Search code examples
rcorrelationrankingsurvey

Code to analyze relationships between responses to different ranking questions on a survey


My goal is to find much simpler code, which can generalize, that shows the relationships between responses to two survey questions. In the MWE, one question asked respondents to rank eight marketing selections from 1 to 8 and the other asked them to rank nine attribute selections from 1 to 9. Higher rankings indicate the respondent favored the selection more. Here is the data frame.

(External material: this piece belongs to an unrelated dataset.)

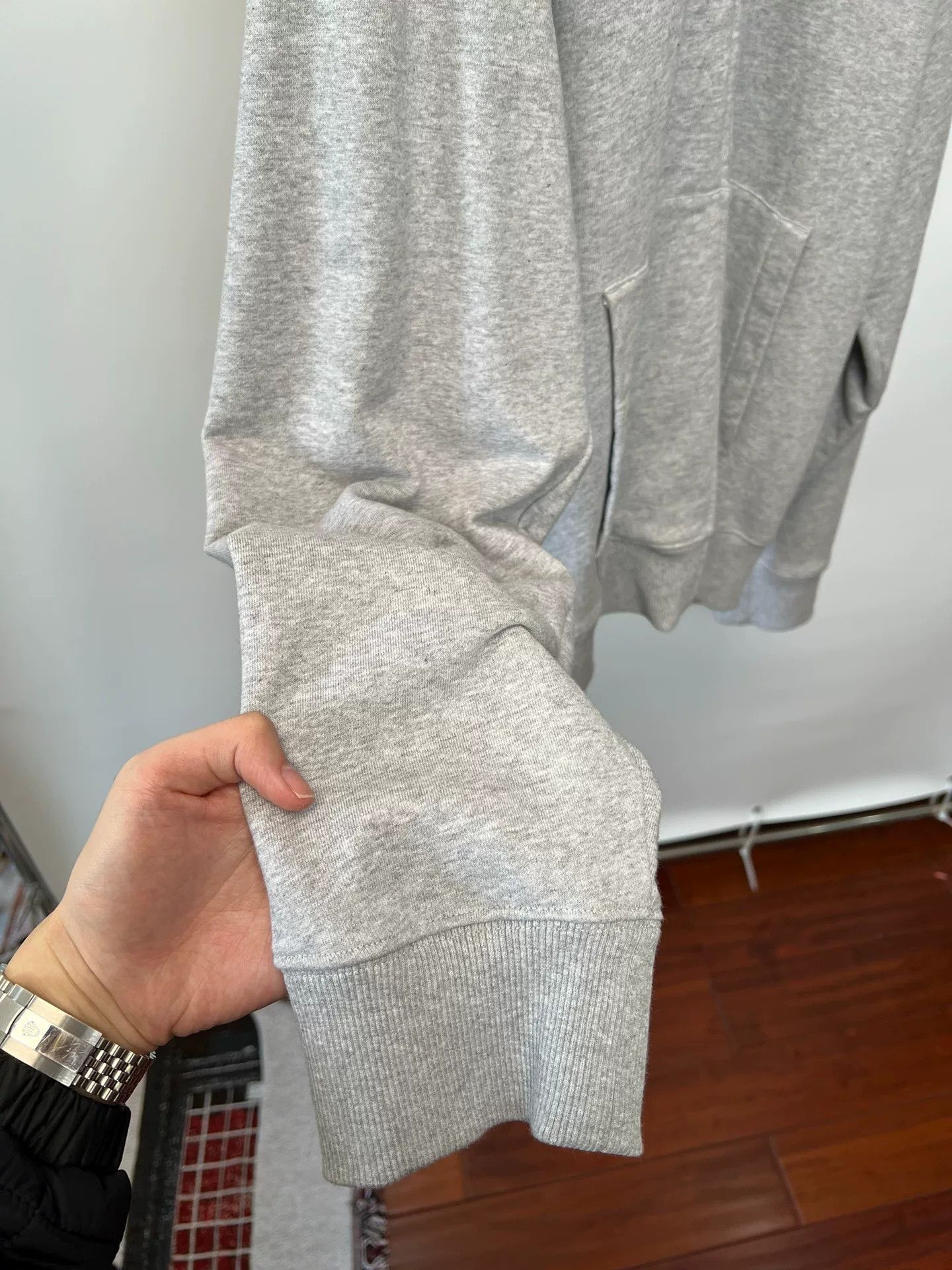 Helmut Lang Helmut Lang Colorful Print Zip Sweatshirt Size US XL / EU 56 / 4 - 4 Thumbnail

structure(list(Email = c("a", "b", "c", "d", "e", "f", "g", "h", 
"i"), Ads = c(2, 1, 1, 1, 1, 2, 1, 1, 1), Alumni = c(3, 2, 2, 
3, 2, 3, 2, 2, 2), Articles = c(6, 4, 3, 2, 3, 4, 3, 3, 3), Referrals = c(4, 
3, 4, 8, 7, 8, 8, 6, 4), Speeches = c(7, 7, 6, 7, 4, 7, 4, 5, 
5), Updates = c(8, 6, 6, 5, 5, 5, 5, 7, 6), Visits = c(5, 8, 
7, 6, 6, 6, 6, 4, 8), `Business Savvy` = c(10, 6, 10, 10, 4, 
4, 6, 8, 9), Communication = c(4, 3, 8, 3, 3, 9, 7, 6, 7), Experience = c(7, 
7, 7, 9, 2, 8, 5, 9, 5), Innovation = c(2, 1, 4, 2, 1, 2, 2, 
1, 1), Nearby = c(3, 2, 2, 1, 5, 3, 3, 2, 2), Personal = c(8, 
10, 6, 8, 6, 10, 4, 3, 3), Rates = c(9, 5, 9, 6, 9, 7, 10, 5, 
4), `Staffing Model` = c(6, 8, 5, 5, 7, 5, 8, 7, 8), `Total Cost` = c(5, 
4, 3, 7, 8, 6, 9, 4, 6)), row.names = c(NA, -9L), class = c("tbl_df", 
"tbl", "data.frame"))

If numeric rankings cannot be used for my solution to calculating relationships (correlations), please correct me.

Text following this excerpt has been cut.